How We Will Accomplish This
We are leveraging low-cost and open-source wetware, software, hardware and law-ware at the cutting edge of synthetic biology. With support from the Free Genes Project and the International Genetically Engineered Machines (iGEM ) competition, we are developing libraries of genetic parts that can be used to engineer well-established industrial microorganisms, including Bacillus subtilis and Pichia pastoris, to produce and secrete our target enzymes. In partnership with the Poly project, we are developing open-source software tools and tutorials that make it easy to design genetic parts and constructs that are synthesizable, genetically stable and will produce large amounts of the desired enzymes. We will integrate low-cost automated liquid handling robots, nanopore DNA sequencers, and open source designs for plate readers and bioreactors into frugal, high-capacity biofoundries that enable construction and testing of large numbers of genetic constructs, and scale-up of high-producing strains to the 5 liter scale. We are making all our designs open source: software is distributed under the MIT license, and all our wetware will be off-patent and distributed under the Open Material Transfer Agreement (OpenMTA ). Integrated together, these pieces of hardware, software, wetware and law-ware could constitute a new and largely open-source biotechnological infrastructure stack (a ‘biostack’) that greatly lowers the financial and technical barriers to bioengineering. Once we express and secrete proteins, we will establish protocols for the purification of enzymes using the most scalable and inexpensive approaches possible (e.g. dialysis, reversible separation with elastin-like polypeptide tags, kosmotropic salt precipitation, and frugal chromatography with silica-binding peptide tags).

Friendzymes and iGEM
To organize our project and raise its visibility in the bioengineering community, we are participating in this year's iGEM competition (which is how we came to make the video you saw above). In the coming months, our goal is to design and assemble a frugal enzyme production and purification process for Pfu-Sso7d from Bacillus subtilis as our first target.  We will present our progress in November 2021 at the iGEM Giant Jamboree, to approximately 6000 aspiring young scientists; engineers, and professionals in the field from all across the world, whom we will recruit to help us expand  toward our goals.

Who Already Supports Us
We have received generous donations from Lee Redden, Scot Bryson, Andrew Hessel, and the Open Bioeconomy Lab , which have enabled us to register our team in the 2021 International Genetically Engineered Machines (iGEM) competition. We have further been awarded an impact grant from iGEM and a microgrant from the Just One Giant Lab (JOGL ) community, enabling us to attend the iGEM Giant Jamboree and pay for some of the enzymes and labware that we need. We are the first recipients of a fiscal sponsorship program by the Gathering for Open Science Hardware (GOSH ), through which our project has been granted a bank account and 501(c)3 nonprofit status in the USA, making donations to this GoFundMe tax-deductible for US citizens. Finally, an exceedingly generous sponsorship from Opentrons  means that all four of our collaborating labs will have the fully-stocked OT-2 liquid handling robots that are one of the core components of our frugal biofoundry design.

What We Need
Thanks to iGEM and the Free Genes Project, most of the wetware libraries of synthetic DNA that we design will be made and shipped to us for free; and thanks to Opentrons, so will the liquid handling robots for our biofoundries. However, we still need to purchase equipment, plasticware and glassware, enzymes, DNA primers and other reagents in order to build both our biofoundries and genetic constructs and strains that will enable high production of our target enzymes. 

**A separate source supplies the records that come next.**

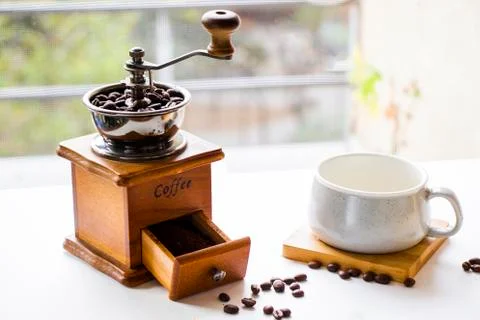 Coffee grinder, maker, cup and beans, morning coffee Stock Photos
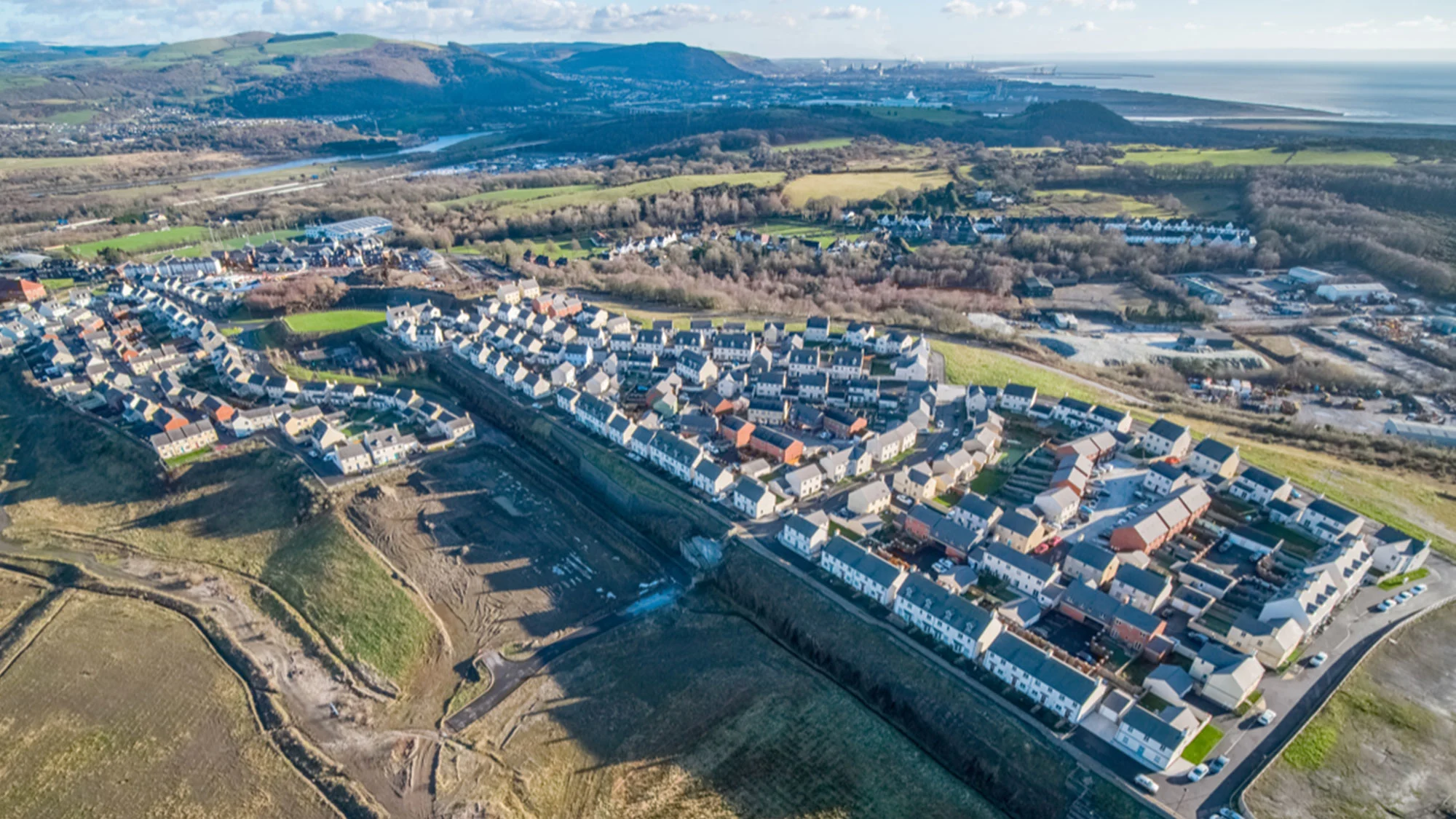 An aerial view of the Coed Darcy village development in 2021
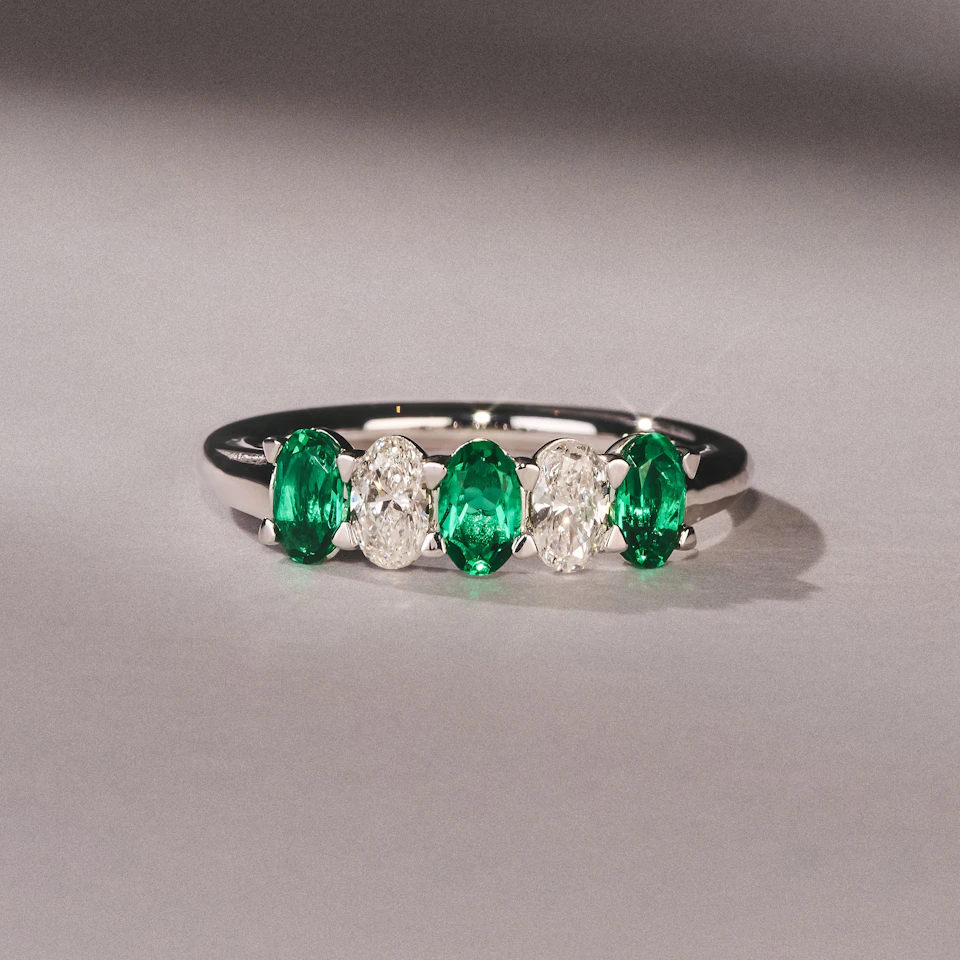Solene 0.75ct Oval Cut Lab Emerald and Lab Diamond Half Band Eternity Ring in 18K White Gold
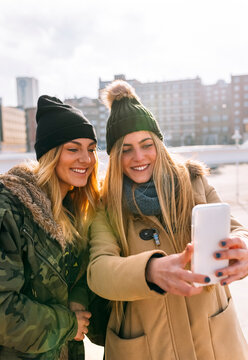 Two friends taking selfie with smartphone
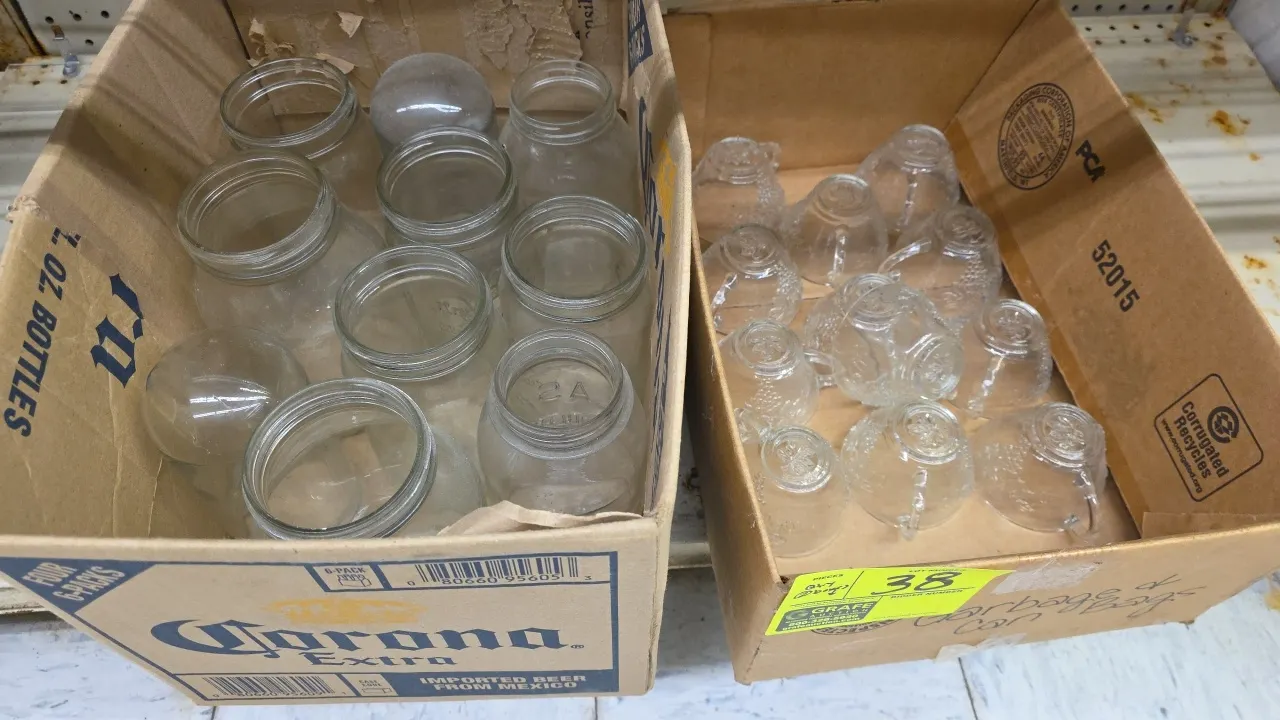 Assorted glassware lot. Includes glass punch cups with embossed grape and leaf motif, clear glass fruit and canning jars, and cylindrical glass light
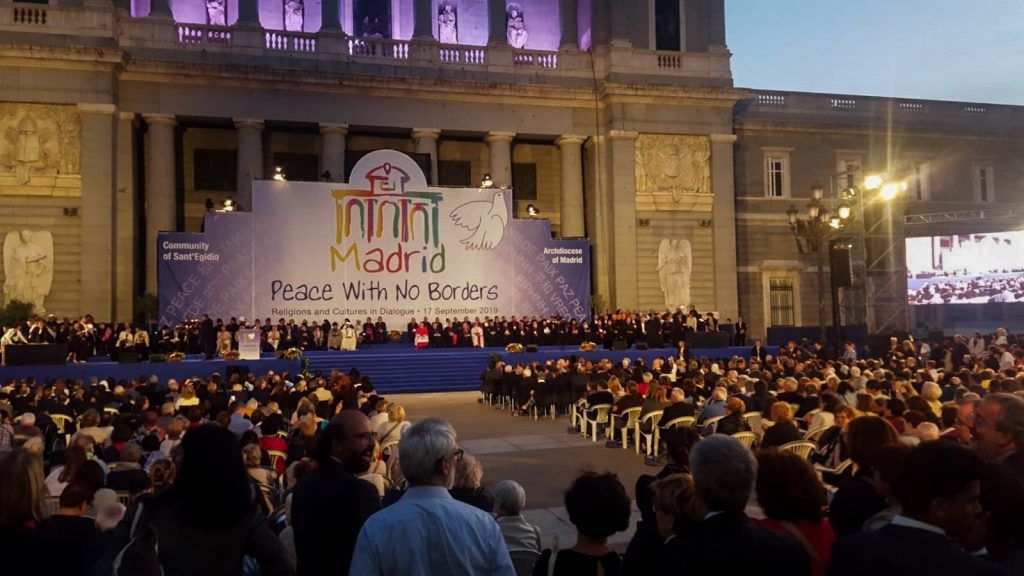 Al anochecer, una multitud se congregó en un escenario de conciertos al aire libre iluminado con una gran pancarta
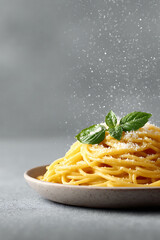 Delicious spaghetti with fresh basil and falling parmesan on a neutral background. Represents comfort food, culinary arts, and healthy eating. Perfect for restaurant menus and food blogs.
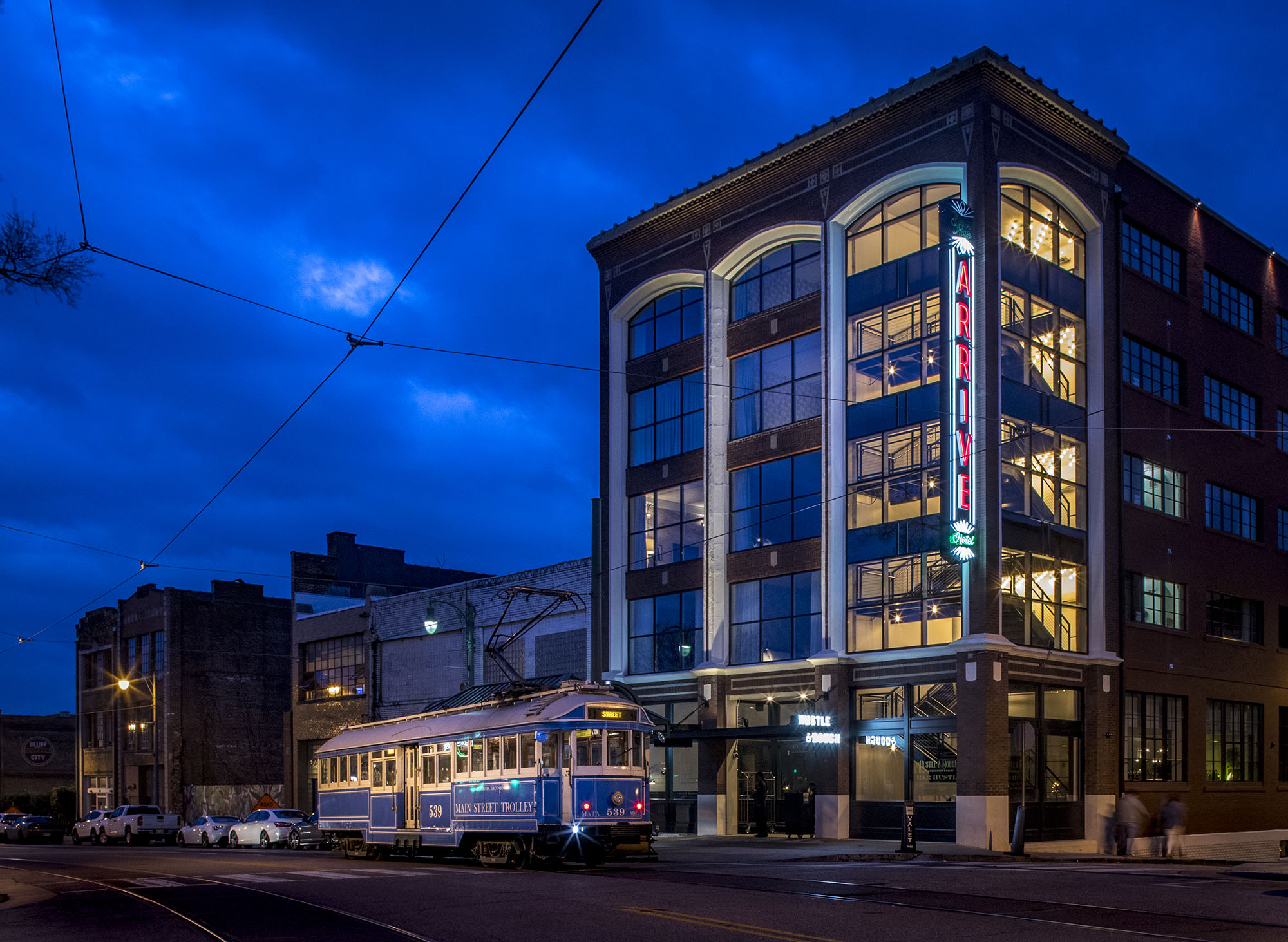 ARRIVE Memphis at night with it's neon sign illuminated and a trolley out front on South Main Street.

Specifically, each lab will need the following:
  1.  MinION  nanopore DNA sequencer with a supply of Flongle flow cells and sample preparation kits (~$3000)
  2.  Components for building an open source plate reader  (~$4000)
  3.  Components for building an open source bioreactor (~$200)
  4.  Plasticware and glassware (~$1000)
  5.  Enzymes and reagents for PCR and Golden Gate assembly (~$1000)
  6.  Buffers, growth media, antibiotics and other reagents for microbial cell culture (~$500)
  7.  DNA synthesis (primers, some synthetic genes) (~$1000)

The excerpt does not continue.